Test your connoisseurship - and win a holiday!
October 4 2012
Picture: Teylers Museum
Over at Art History Today, David Packwood alerts me to an intriguing method of attributing Raphael drawings. At a new exhibition on Raphael drawings at the Teylers Museum in Haarlem, visitors can vote on whether they think the above Raphael drawing is by Raphael or not. The museum's website tells us why their curators need the public's help:
Research carried out for this exhibition led to three more of the drawings in the collection of Teylers Museum being attributed to Raphael. But there is one drawing about which the experts cannot agree: the three women’s heads, dating from around 1518.

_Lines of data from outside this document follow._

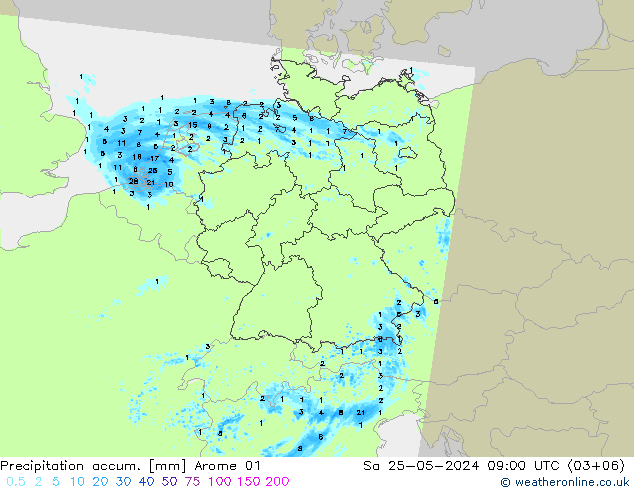 Précipitation accum. Arome 01 sam 25.05.2024 09 UTC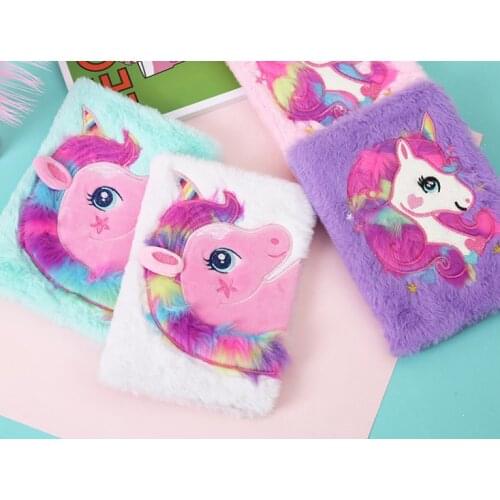 A5 Size Plushed Cover Toy Unicorn Notebook Office Stationery Notepad Pink DIY Diary Book Students Jornal Planner Cute Hand Accou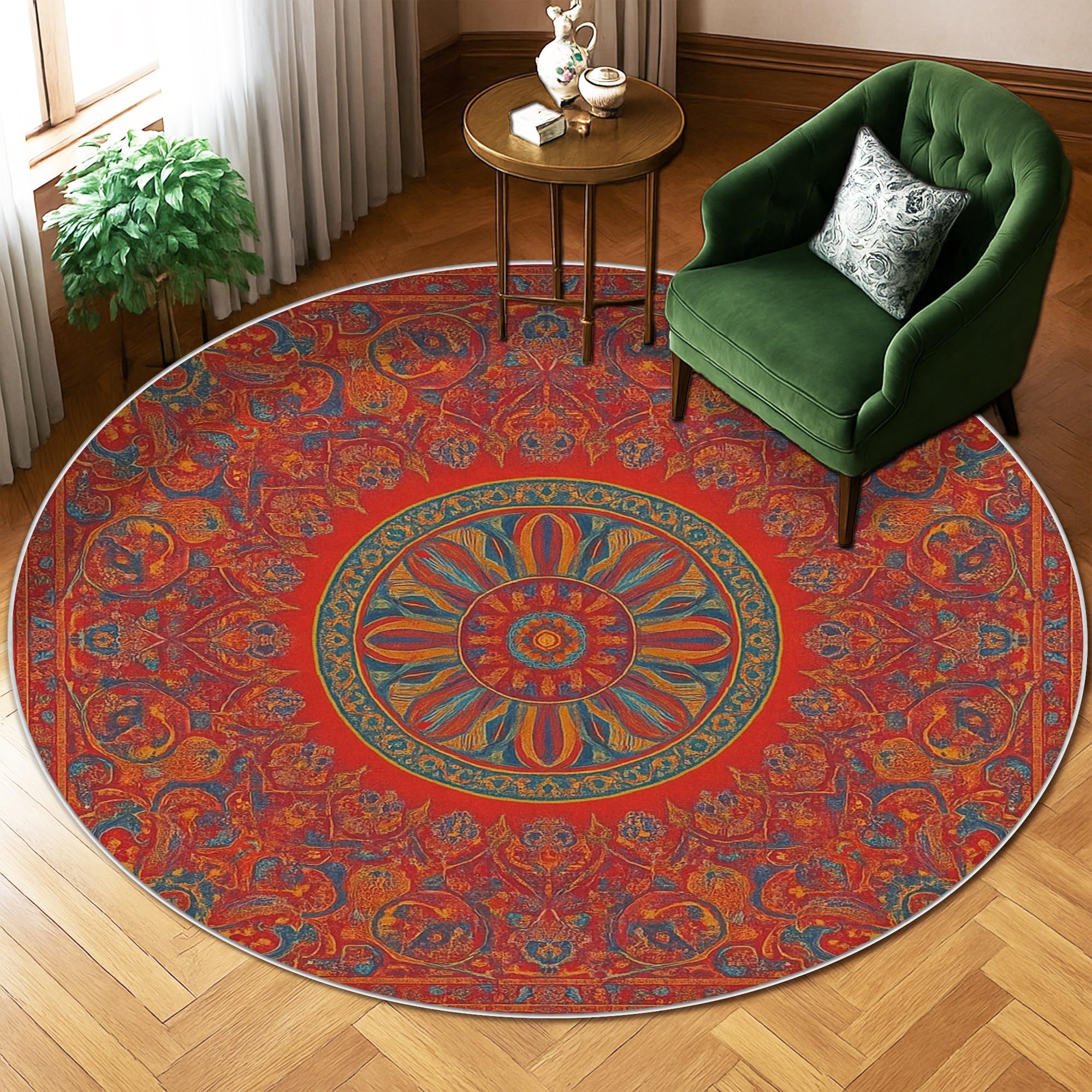 Tapis floral bohème artistique mandala géométrique sans rouge à poils courts pour salon, chambre à coucher, décoration de salle à manger, 1,8 x 1,8 m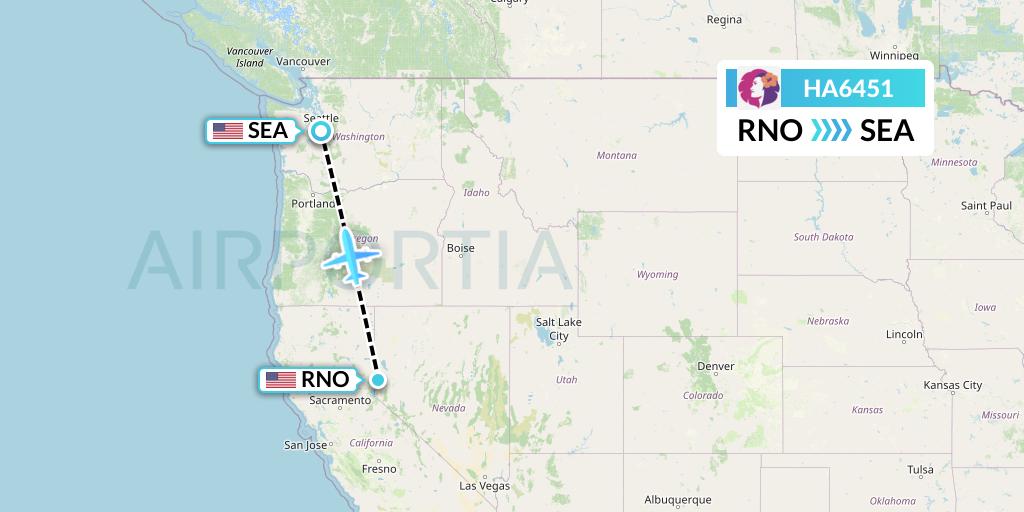 HA6451 Hawaiian Airlines Flight Map: Reno to Seattle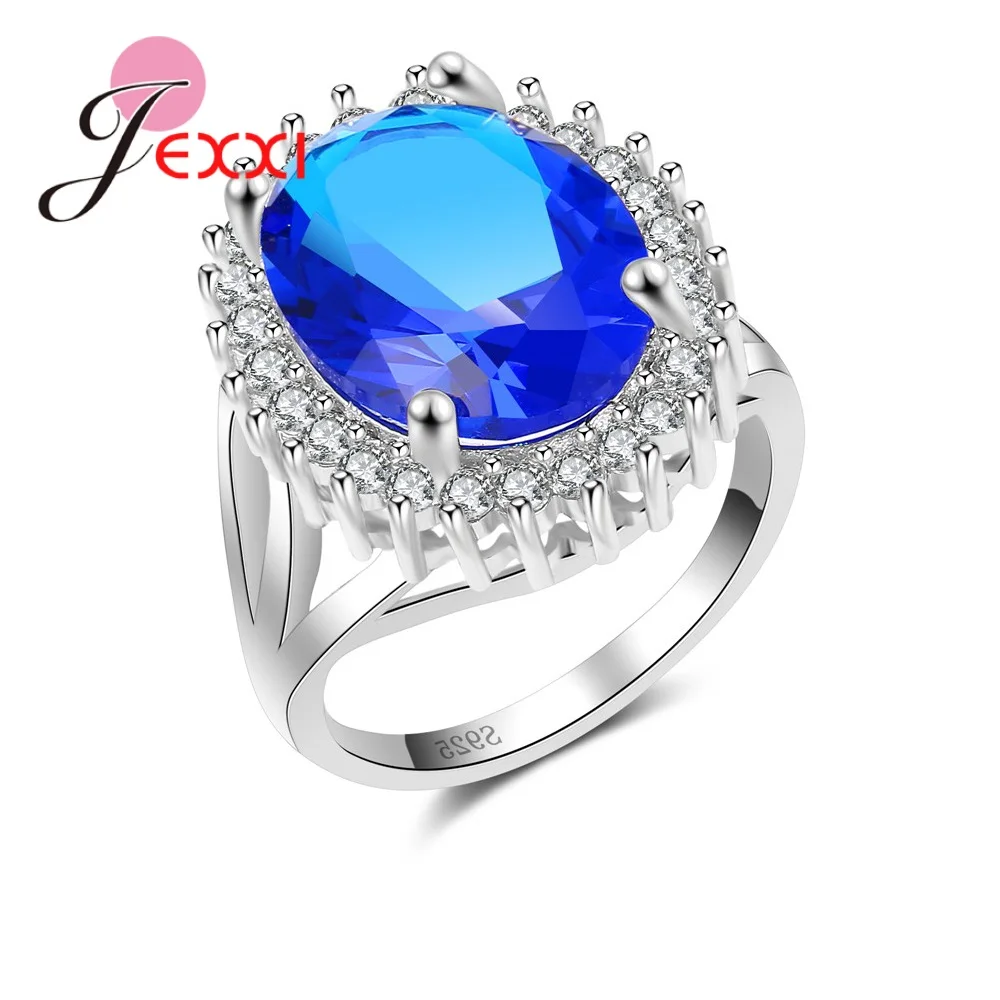 Brand Newest Wedding Bridal Purple Blue Two Color Cubic Zircon Stone With Small Rhinestones 925 Sterling Silver Rings Gift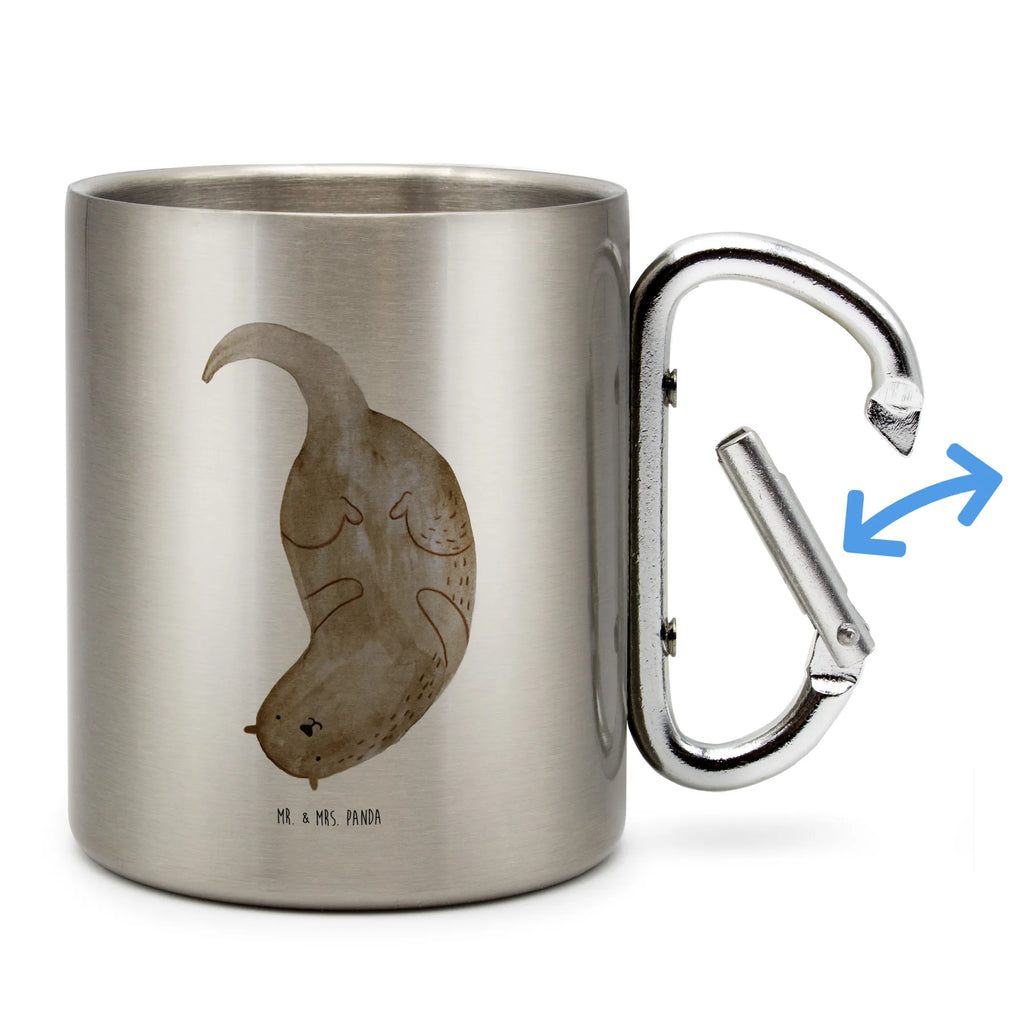 Edelstahlbecher Otter kopfüber Edelstahltasse, Karabiner, Edelstahlbecher, Outdoor, Camping, Tasse, Becher, Otter, Fischotter, Seeotter, Otter Seeotter See Otter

Visitors can record their own reactions and give their opinions straight away by using a special voting machine set up in the first gallery. All those taking part have a chance of winning a trip for two to Raphael’s home country, offered by Labrys Reizen. The winner will be announced on this site on Friday 11 January 2013.
Update - a reader writes:
When I was younger and a porter in the English Drawings and Watercolour Dept at Christies, I used to watch, listen and talk to my boss Noel Annesley about the Old Master Drawings and as he called it, 'first instinct of the eye'.
So, my heart leapt as I scrolled down and before I reached the text I thought Raphael. The two upper heads are just too good, the lips and the noses are spot on and the angle of the heads have sold me, so I'm voting yes.